(Dataset items)

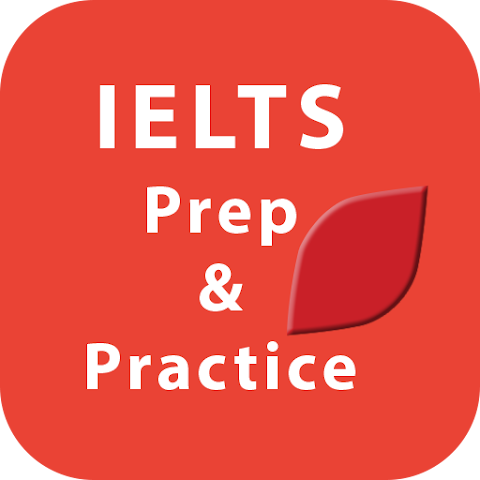 About IELTS Prep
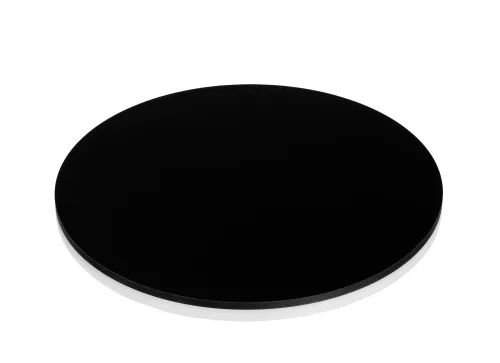 картина черно-бяла вложка за предметна маса MAGUS I9BW Stereo 9T,  2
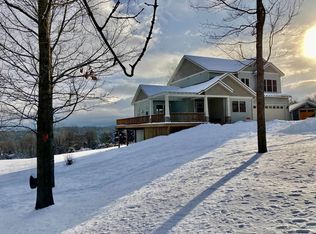 379 Breezy Hill Acres, Monkton, VT 05469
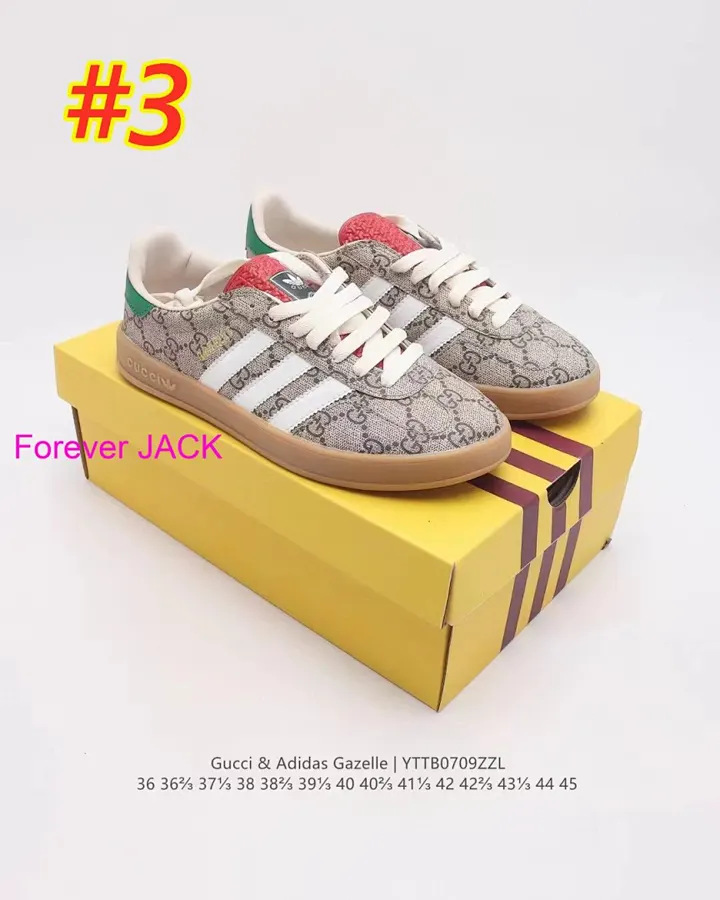 Adidas 4922J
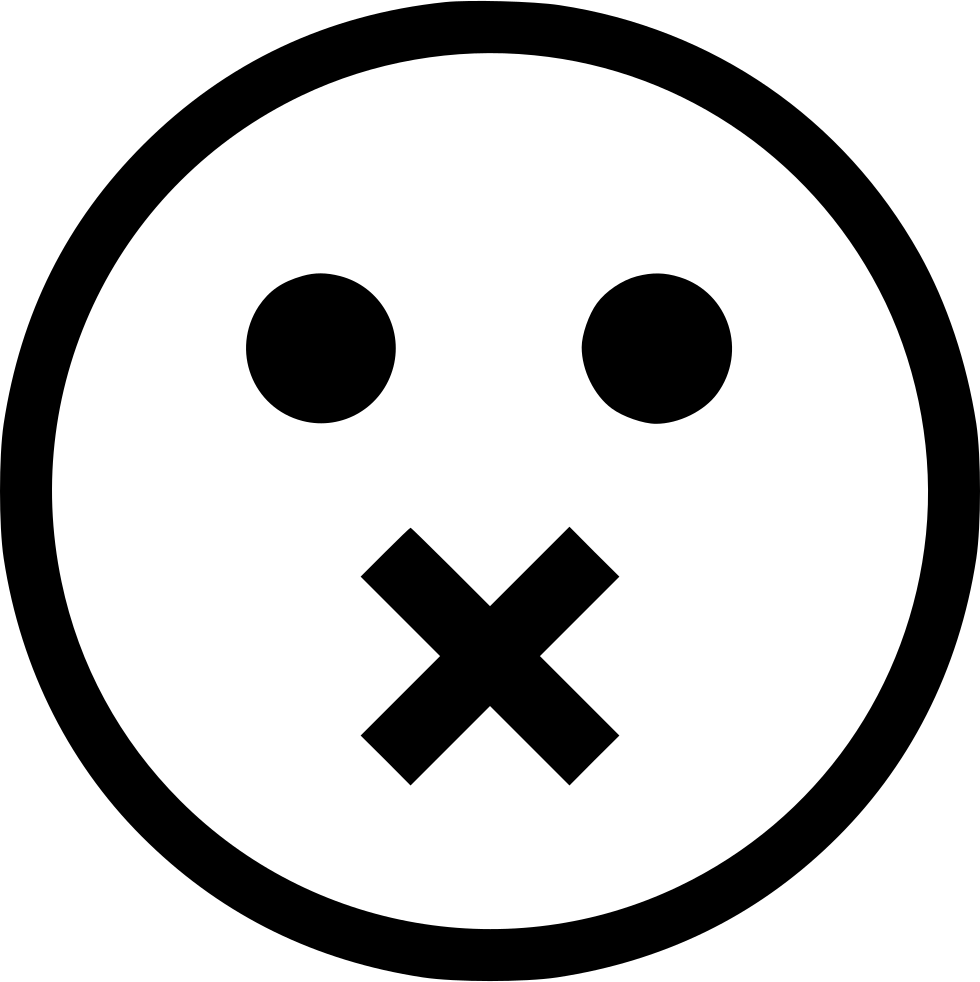 980x982 Head,emoticon,smile,line Art,circle,symbol,line,icon,coloring Book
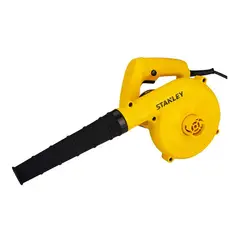 DEWALT - Sopladora eléctrica stanley 500w spt500-b2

__TASK TO COMPLETE__:
If a record contains a picture, leave the picture out; repeat the record itself exactly.

__OUTPUT OF THE EXERCISE__:
 About IELTS Prep
 картина черно-бяла вложка за предметна маса MAGUS I9BW Stereo 9T,  2
 379 Breezy Hill Acres, Monkton, VT 05469
 Adidas 4922J
 980x982 Head,emoticon,smile,line Art,circle,symbol,line,icon,coloring Book
 DEWALT - Sopladora eléctrica stanley 500w spt500-b2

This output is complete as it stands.